With regard to the sixth factor, we believe petitioner's needs were taken into consideration in determining the amount of the car payments. Thus, this factor favors treating the payments as alimony.
Finally, with regard to the seventh factor, a separate provision for support (Paragraph 11) was clearly enunciated in the Agreement, declaring these support payments deductible by Mr. Rangos and taxable to petitioner. This factor favors treating the automobile payments as part of a property settlement.

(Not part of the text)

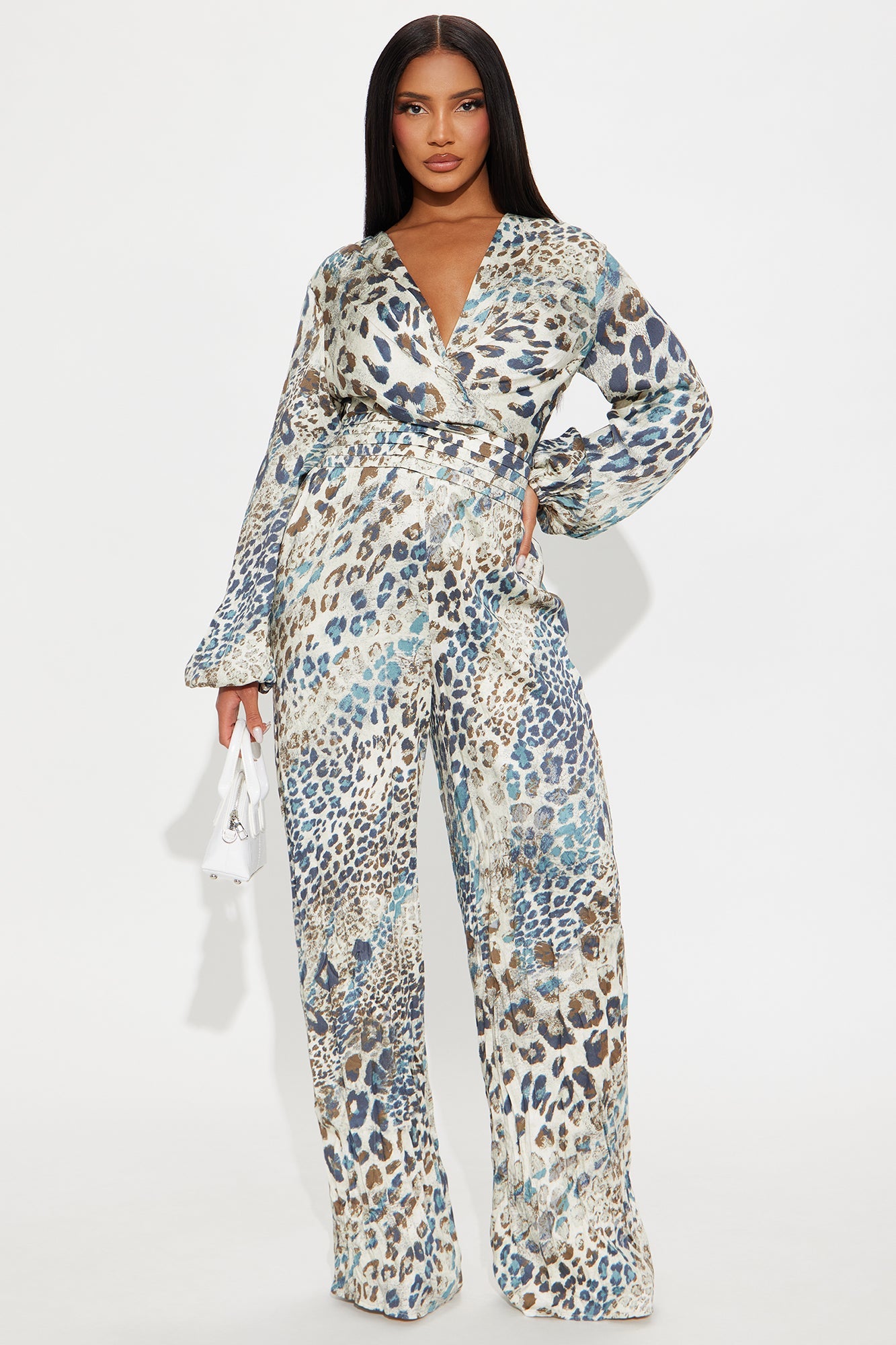 Tara Leopard Wide Leg Jumpsuit - Cream/combo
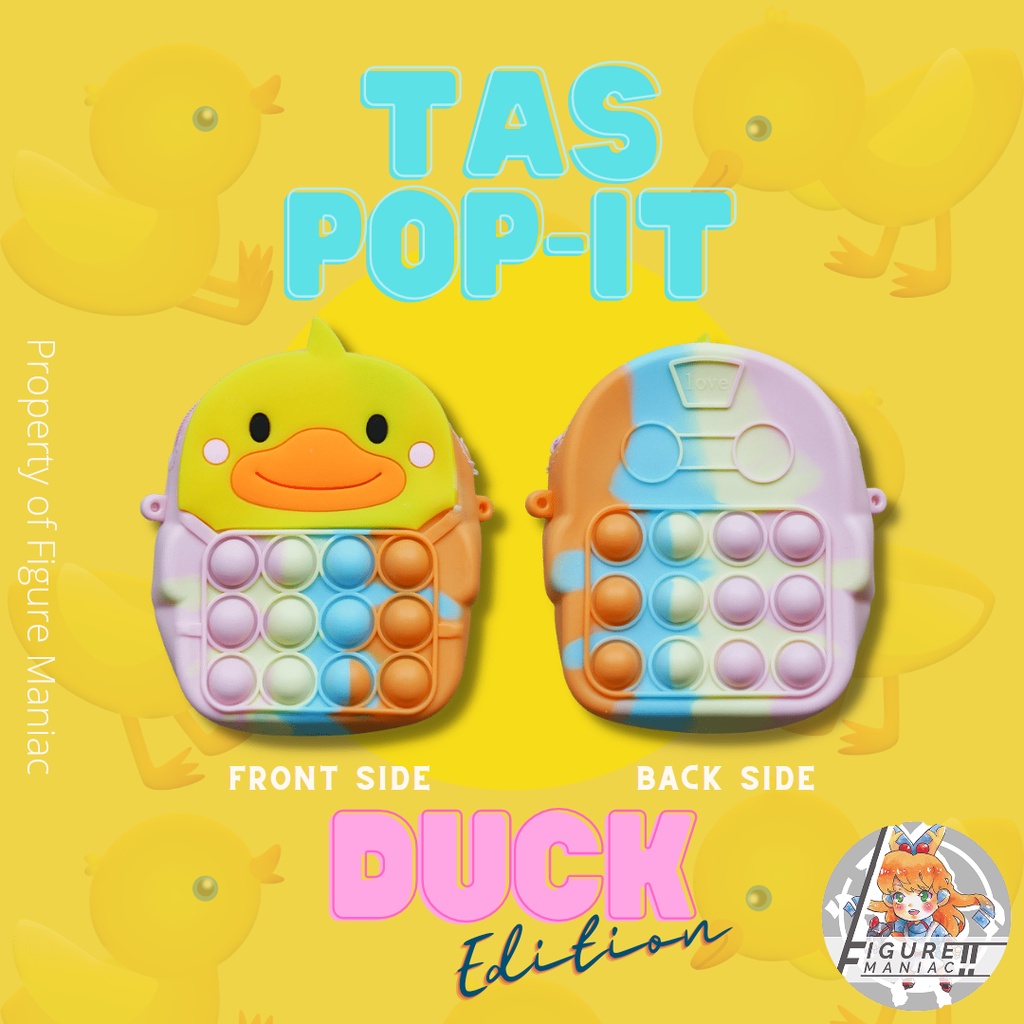 Figure Maniac - Tas Pop It Mini Sling Bag Edition Premium Import Size 13 cm Free Tali Selempang Tas Anak Murah Tas Handphone Tas Mainan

Upon analyzing the seven aforementioned factors, we conclude that Mr. Rangos and petitioner intended the automobile payments to be part of a property settlement. See Kohn v. Kohn, 364 A.2d 350, 353 (Pa. Super. Ct. 1976). In reaching our conclusion, we found that petitioner credibly testified to the circumstances surrounding execution of the Agreement, its intent, and subsequent performance.
Although the language of Paragraph 12 does not provide for the tax treatment of the automobile payments, elsewhere the Agreement specifically declares the tax treatment of certain items: (1) Paragraph 8 states that Mr. Rangos is entitled to the dependency exemptions for the minor children; (2) Paragraph 11 states that the payments made pursuant to this paragraph are to be includable in petitioner's income and deductible as an expense by Mr. Rangos; and (3) Paragraph 16 refers to deficiencies and refunds regarding petitioner and Mr. Rangos' 1971 and 1972 income tax returns.
We believe that had petitioner and Mr. Rangos intended Paragraph 12 to involve taxable alimony, they would have said so. Moreover, Paragraph 12 states that "The use of said motor vehicle shall be at no expense to the Wife except the cost of the operation, maintenance and repair." (Emphasis added.) This sentence, along with petitioner's credible testimony, supports our conclusion that the parties did not intend for petitioner to include the automobile payments as income.
Ambiguous language in a contract is to be resolved against the drafter of the agreement. Rink v. Commissioner [Dec. 48,969], 100 T.C. 319, 328 n.8 (1993), affd. [95-1 USTC ╤ 50,092] 47 F.3d 168 (6th Cir. 1995); see, e.g., United States v. Seckinger, 397 U.S. 203, 216 (1970). Accordingly, we construe any ambiguity of Paragraph 12 against Mr. Rangos.
Considering all the facts and circumstances, we hold that the amounts paid by Mr. Rangos for the purpose of furnishing petitioner with an automobile in 1991 and 1994 are in the nature of a property settlement, and therefore not includable in her income for those years.
To reflect the foregoing and respondent's concessions,
Decisions will be entered for petitioner.